This comparison highlights the significance of evaluating models for specific subjects in human pose estimation research. Although all models show improved performance metrics for subject S5, the reduction in variance and error indicates that either the models are inherently more adaptable or the poses of subject S5 are less challenging for the models to estimate. These findings are crucial in developing customized pose estimation solutions accommodating inter-subject variability.
Table 14 uses four neural network backbone models to compare human pose estimation results for four different postures labeled 1001, 1002, 1003, and 1004. The models’ performance is measured in terms of mean error and variance, which gives a comprehensive view of each model’s capabilities in handling different human movements. In postures 1001 and 1002, the LiteHrnet models outperform the Hrnet variant models, with the LiteHrnet-30 model achieving the lowest mean error at 32.05 mm in posture 1001 and the LiteHrnet-18 model demonstrating the lowest variance at 2.41 mm in posture 1001. The LiteHrnet models are better suited to capture posture 1001 and 1002 more consistently.
Conversely, in posture 1003, the LiteHrnet-30 model exhibits a considerable increase in mean error to 39.82 mm, the highest among all models for this posture, which might indicate a reduced ability to estimate this particular pose accurately. However, the Hrnet-w64 and LiteHrnet-18 models maintain lower mean errors and variances, with the Hrnet-w64 model achieving the lowest variance, suggesting it is less sensitive to the variations within posture 1003. Lastly, posture 1004 showcases LiteHrnet-18’s dominance, with the lowest mean error and variance across all models, suggesting its strong adaptability and reliability for this specific posture. Across all postures, the LiteHrnet-18 model consistently maintains low mean errors and variances, indicating its robustness and efficiency in human pose estimation tasks. The Hrnet models, while generally exhibiting higher mean errors and variances, still maintain competitive performance, especially the Hrnet-w64 model, which has the lowest variance for posture 1003. The comparison of these models provides critical insights into their posture-specific performance, underlining the importance of model selection based on the specific requirements of the pose estimation task at hand. This detailed assessment aids in discerning the strengths and limitations of each model, facilitating more informed decisions in the development and application of human pose estimation technologies.

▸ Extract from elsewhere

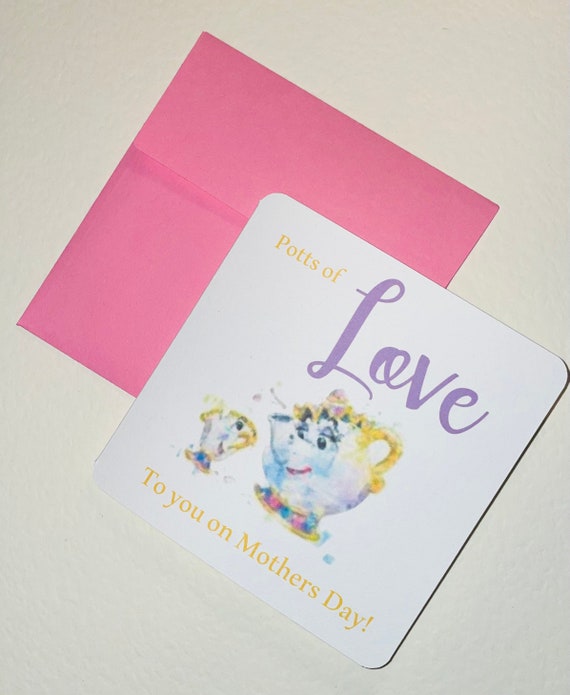 Magically inspired Mother's Day card personalised mrs potts and chip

Table 15 compares the performance of four backbone models in estimating poses 1001 and 1003 for subjects S4 and S5. This comparison helps to demonstrate how effectively the models identify different poses for different subjects. For pose 1001, all models showed a reduced mean error when evaluating subject S5 compared with S4. The LiteHrnet-30 model had the most significant reduction, indicating its heightened sensitivity to the subtleties of subject S5’s posture. The variances for S5 were consistently lower, implying a more stable estimation across different instances of pose 1001. However, for pose 1003, the mean errors were generally lower for subject S5 across all models except for the LiteHrnet-30 model, which showed an increase. The variances for S5 were higher in the Hrnet-w32 and LiteHrnet-30 models, suggesting that pose 1003 presents more complexity or diversity in this subject’s movements than in S4.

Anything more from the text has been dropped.